In Sicilia 130mila degli oltre 1,7 milioni di edifici a uso abitativo sono vuoti o inutilizzati. Un numero a cui va aggiunto quello degli immobili pubblici sottoutilizzati. In questo contesto l’obiettivo, per la Cgil, deve essere “fare rivivere i centri storici e recuperare le periferie con l’adozione di provvedimenti adeguati affinché non si continui a consumare suolo, a lasciare abbandonati immobili pubblici e privati ma anche a non utilizzare l’immenso patrimonio immobiliare sequestrato o confiscato alle mafie”.

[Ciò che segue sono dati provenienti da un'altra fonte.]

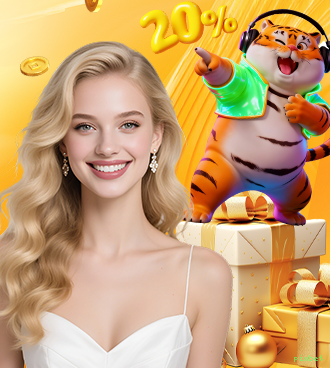 pixbet Login Seguro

Nel dicembre 2015 i beni immobili confiscati in via definitiva, secondo i dati del ministero della Giustizia, sono 5.000 e 153.397 i beni immobili sequestrati, esclusi i terreni. Il 50 per cento di questi è in Sicilia. “Quella dei beni confiscati – ha rilevato Pagliaro – è una partita che si scontra con un quadro normativo piegato sul diritto fallimentare col risultato dell’allungarsi infinito dei tempi tra sequestro e assegnazione che fa passare il messaggio che lo Stato non riesce a gestire questi immobili. Questo non è accettabile”.

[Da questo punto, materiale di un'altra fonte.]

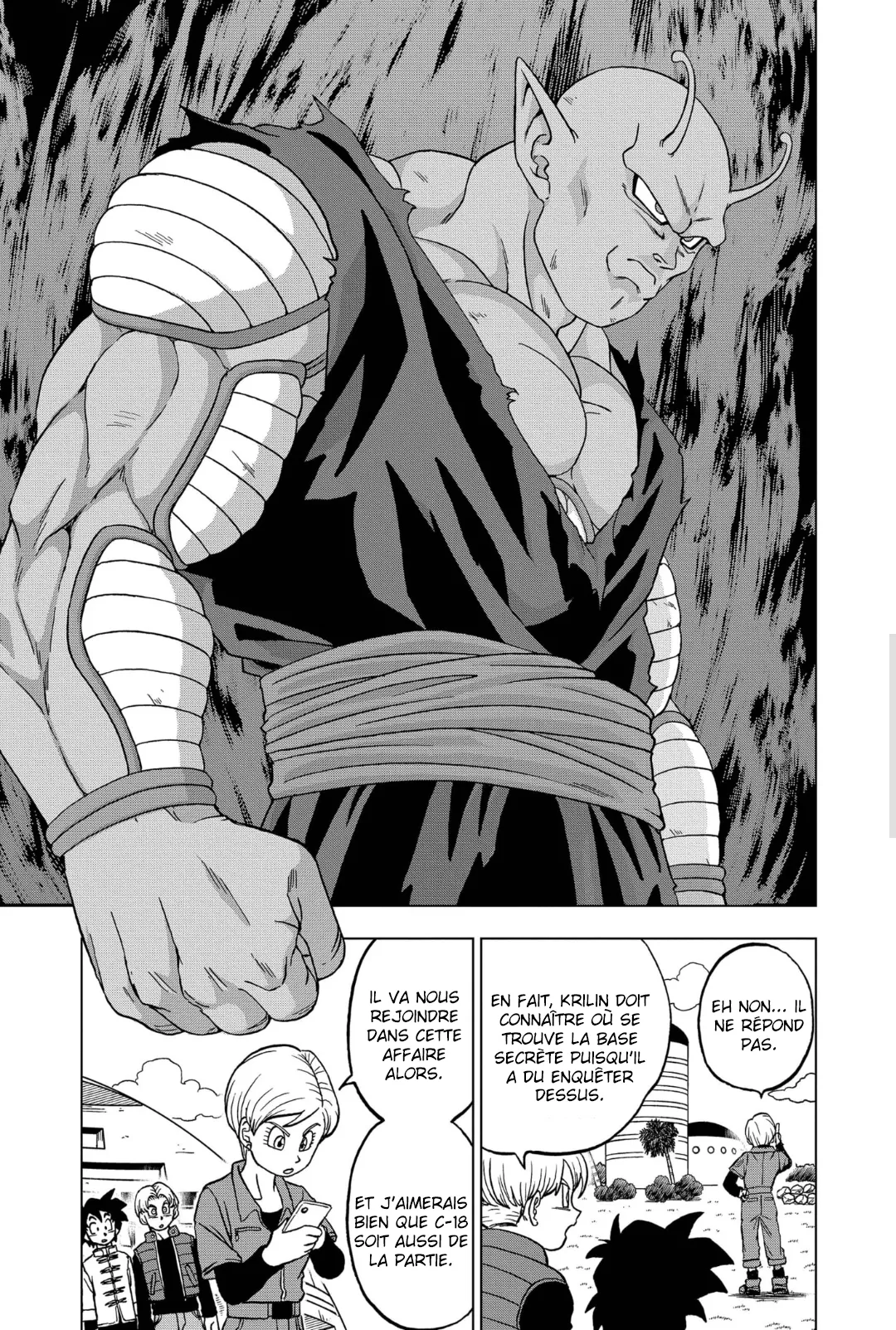 Dragon Ball Super - 96 - 655730b2da124.webp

La Cgil propone che il patrimonio immobiliare sottratto alla mafia venga gestito tramite gli ex Iacp o le società immobiliari pubbliche creando “una sinergia operativa tra gli uffici Misure di prevenzione dei tribunali e l’Agenzia nazionale per l’amministrazione e la destinazione dei beni sequestrati e confiscati alla criminalità organizzata (Anbsc)”. Tra le proposte del sindacato c’è anche l’accelerazione e l’incremento delle attività di ristrutturazione, rigenerazione ed efficienza energetica del patrimonio immobiliare pubblico. L’incremento di offerta di case popolari, per il sindacato, oltre che attraverso i beni confiscati, può essere ottenuto con l’acquisizione di immobili sul mercato. La Cgil sollecita piani di decementificazione di tutte le aree sensibili e fragili del territorio. Pagliaro ha ricordato che “in Sicilia ogni anno si contano 34mila frane di cui 22mila attive, che richiamano all’esigenza di interventi di salvaguardia del territorio. L’Isola – ha concluso il segretario della Cgil – ha un’enorme patrimonio di risorse umane, dai forestali, ai lavoratori dell’edilizia e degli enti di servizio all’agricoltura, che possono essere utilizzati in coerenza con gli obiettivi che segnaliamo”.